EXERCISE INSTRUCTIONS: Your answer must hold only the lines below from the line containing "1082 Rigby Court" through the line containing "BBQ tempeh on", each reproduced exactly.

EXTRACTED INFORMATION:
================

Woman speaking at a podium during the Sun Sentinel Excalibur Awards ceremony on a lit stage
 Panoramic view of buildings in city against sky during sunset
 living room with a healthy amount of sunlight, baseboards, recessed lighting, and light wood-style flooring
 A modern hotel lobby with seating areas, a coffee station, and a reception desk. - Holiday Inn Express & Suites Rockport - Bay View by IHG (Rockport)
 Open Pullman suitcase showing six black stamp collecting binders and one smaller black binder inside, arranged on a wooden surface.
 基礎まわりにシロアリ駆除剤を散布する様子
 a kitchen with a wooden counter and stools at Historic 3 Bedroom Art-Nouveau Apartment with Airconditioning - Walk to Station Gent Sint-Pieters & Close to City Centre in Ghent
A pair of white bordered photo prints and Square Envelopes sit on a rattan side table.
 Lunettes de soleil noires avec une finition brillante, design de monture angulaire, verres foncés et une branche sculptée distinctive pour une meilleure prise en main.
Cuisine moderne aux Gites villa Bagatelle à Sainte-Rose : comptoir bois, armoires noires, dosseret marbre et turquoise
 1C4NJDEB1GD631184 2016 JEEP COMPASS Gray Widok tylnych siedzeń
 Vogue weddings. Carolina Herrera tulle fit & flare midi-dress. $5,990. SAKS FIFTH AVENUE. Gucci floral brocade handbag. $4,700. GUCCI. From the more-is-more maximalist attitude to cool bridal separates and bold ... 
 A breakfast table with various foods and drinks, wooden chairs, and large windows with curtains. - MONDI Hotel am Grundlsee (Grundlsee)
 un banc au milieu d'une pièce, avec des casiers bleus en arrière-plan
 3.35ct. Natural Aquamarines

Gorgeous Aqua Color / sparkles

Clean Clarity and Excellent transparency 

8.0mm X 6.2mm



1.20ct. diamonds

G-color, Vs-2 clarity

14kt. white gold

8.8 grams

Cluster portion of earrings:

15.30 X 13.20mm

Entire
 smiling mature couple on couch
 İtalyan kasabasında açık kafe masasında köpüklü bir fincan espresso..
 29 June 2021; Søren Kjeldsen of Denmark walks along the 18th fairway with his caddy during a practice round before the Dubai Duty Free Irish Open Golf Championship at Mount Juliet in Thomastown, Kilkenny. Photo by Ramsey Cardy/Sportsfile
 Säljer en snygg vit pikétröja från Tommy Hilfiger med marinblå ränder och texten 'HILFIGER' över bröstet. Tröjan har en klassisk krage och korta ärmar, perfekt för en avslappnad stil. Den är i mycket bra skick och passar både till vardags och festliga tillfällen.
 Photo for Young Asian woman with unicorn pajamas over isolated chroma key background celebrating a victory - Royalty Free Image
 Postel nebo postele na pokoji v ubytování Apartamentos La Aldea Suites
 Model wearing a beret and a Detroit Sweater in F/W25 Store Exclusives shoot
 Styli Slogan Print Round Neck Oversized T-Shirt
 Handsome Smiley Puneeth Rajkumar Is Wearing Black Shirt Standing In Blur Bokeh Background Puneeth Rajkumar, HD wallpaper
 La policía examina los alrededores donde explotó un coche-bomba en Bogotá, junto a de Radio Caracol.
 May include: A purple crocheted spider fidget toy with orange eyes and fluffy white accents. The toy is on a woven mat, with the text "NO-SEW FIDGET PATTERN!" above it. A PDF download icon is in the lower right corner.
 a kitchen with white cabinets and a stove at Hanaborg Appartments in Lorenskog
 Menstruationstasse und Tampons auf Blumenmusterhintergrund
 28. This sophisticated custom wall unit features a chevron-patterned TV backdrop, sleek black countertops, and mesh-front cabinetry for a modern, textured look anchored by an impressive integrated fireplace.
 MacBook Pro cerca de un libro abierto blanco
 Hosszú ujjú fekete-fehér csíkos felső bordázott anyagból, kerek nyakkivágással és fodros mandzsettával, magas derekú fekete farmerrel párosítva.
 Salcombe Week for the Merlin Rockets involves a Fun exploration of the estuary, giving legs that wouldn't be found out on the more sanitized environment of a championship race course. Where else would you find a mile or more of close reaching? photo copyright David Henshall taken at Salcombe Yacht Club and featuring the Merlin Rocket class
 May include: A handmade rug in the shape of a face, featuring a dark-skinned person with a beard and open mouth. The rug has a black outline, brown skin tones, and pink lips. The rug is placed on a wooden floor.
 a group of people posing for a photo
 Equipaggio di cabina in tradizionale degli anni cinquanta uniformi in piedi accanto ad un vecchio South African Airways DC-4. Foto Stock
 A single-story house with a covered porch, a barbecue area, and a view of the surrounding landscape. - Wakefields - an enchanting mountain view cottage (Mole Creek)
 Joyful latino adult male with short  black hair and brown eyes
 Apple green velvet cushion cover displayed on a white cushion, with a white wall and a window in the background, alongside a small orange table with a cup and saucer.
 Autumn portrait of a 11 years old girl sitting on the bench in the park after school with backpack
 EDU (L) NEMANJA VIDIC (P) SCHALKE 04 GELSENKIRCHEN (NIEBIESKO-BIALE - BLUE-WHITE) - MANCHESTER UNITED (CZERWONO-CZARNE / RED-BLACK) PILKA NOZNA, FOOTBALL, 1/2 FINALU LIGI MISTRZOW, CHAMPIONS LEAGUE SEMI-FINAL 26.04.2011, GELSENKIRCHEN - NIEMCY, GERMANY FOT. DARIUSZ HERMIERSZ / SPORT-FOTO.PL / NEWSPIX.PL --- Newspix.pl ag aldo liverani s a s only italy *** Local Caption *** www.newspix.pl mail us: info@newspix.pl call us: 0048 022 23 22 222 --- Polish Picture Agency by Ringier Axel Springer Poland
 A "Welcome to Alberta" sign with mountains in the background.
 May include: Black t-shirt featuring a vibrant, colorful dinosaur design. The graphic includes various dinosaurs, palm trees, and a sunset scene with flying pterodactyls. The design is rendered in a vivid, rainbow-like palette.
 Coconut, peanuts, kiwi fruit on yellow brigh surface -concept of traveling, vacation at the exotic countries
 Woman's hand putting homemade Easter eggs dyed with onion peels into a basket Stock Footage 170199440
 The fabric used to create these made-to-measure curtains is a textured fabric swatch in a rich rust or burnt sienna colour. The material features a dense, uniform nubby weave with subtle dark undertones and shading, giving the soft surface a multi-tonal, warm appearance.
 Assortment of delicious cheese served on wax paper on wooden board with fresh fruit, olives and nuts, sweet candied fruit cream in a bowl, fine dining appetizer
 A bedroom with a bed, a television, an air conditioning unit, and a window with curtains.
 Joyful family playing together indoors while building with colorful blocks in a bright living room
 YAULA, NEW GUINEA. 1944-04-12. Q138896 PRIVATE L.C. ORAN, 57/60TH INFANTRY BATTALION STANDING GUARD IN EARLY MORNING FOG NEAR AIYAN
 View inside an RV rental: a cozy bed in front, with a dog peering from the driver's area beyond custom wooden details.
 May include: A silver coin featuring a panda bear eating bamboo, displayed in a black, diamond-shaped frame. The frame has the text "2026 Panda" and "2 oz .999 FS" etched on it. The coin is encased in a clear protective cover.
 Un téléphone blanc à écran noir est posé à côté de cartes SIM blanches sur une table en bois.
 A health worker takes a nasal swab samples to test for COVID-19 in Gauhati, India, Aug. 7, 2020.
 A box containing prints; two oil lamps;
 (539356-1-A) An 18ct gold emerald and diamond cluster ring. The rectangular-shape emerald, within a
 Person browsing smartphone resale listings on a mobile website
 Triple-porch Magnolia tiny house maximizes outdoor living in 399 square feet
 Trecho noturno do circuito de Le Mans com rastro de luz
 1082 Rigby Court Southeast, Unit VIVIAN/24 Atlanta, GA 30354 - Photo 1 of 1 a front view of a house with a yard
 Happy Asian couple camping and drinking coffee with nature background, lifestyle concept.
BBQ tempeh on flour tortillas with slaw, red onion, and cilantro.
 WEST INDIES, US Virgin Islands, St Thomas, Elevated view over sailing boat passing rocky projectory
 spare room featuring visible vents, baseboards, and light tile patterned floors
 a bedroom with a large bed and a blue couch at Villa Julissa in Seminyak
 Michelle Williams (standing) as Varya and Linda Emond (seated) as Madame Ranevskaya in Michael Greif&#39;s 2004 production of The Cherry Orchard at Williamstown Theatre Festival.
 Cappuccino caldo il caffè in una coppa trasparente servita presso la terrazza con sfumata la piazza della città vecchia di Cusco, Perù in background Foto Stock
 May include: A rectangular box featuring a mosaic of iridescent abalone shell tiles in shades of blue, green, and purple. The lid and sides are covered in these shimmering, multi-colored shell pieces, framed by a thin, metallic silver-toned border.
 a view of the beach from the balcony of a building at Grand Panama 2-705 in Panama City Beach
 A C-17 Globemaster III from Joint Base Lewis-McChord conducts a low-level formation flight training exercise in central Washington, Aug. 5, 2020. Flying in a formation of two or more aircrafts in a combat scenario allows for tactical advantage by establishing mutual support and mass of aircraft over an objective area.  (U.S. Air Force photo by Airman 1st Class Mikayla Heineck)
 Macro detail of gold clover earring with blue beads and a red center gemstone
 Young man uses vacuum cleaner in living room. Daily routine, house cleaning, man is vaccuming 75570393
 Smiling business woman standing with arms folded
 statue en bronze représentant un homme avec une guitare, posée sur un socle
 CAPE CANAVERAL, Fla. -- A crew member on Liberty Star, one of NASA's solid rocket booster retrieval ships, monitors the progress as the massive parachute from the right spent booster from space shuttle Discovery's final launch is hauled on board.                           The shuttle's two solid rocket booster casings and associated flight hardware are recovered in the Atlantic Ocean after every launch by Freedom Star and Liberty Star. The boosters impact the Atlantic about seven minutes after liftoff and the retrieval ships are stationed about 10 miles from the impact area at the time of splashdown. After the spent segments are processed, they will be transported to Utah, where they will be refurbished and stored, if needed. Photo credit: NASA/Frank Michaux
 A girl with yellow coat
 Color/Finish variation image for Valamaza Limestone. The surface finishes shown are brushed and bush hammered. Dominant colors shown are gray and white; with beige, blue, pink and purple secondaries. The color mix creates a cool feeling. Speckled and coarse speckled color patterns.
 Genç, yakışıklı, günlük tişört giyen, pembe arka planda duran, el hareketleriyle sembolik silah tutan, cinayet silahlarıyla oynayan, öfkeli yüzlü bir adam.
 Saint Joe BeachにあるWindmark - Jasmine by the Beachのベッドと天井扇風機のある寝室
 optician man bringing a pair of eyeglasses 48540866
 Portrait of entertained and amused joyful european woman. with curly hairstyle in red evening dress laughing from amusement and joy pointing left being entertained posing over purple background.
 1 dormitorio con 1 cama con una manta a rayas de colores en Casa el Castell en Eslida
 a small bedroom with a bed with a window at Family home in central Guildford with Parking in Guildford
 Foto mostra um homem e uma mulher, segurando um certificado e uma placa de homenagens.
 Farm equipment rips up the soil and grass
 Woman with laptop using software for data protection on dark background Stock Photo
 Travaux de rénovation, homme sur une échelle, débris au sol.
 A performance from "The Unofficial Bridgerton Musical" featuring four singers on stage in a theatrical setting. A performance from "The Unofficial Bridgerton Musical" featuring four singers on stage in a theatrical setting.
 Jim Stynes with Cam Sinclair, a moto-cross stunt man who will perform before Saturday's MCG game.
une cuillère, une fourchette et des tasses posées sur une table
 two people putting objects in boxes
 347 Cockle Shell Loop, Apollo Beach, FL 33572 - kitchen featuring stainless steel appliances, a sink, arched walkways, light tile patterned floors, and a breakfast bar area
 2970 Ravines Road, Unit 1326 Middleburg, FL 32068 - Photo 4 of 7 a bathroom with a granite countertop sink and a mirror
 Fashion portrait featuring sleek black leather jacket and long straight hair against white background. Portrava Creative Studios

================

RESULT BELOW:
 1082 Rigby Court Southeast, Unit VIVIAN/24 Atlanta, GA 30354 - Photo 1 of 1 a front view of a house with a yard
 Happy Asian couple camping and drinking coffee with nature background, lifestyle concept.
BBQ tempeh on flour tortillas with slaw, red onion, and cilantro.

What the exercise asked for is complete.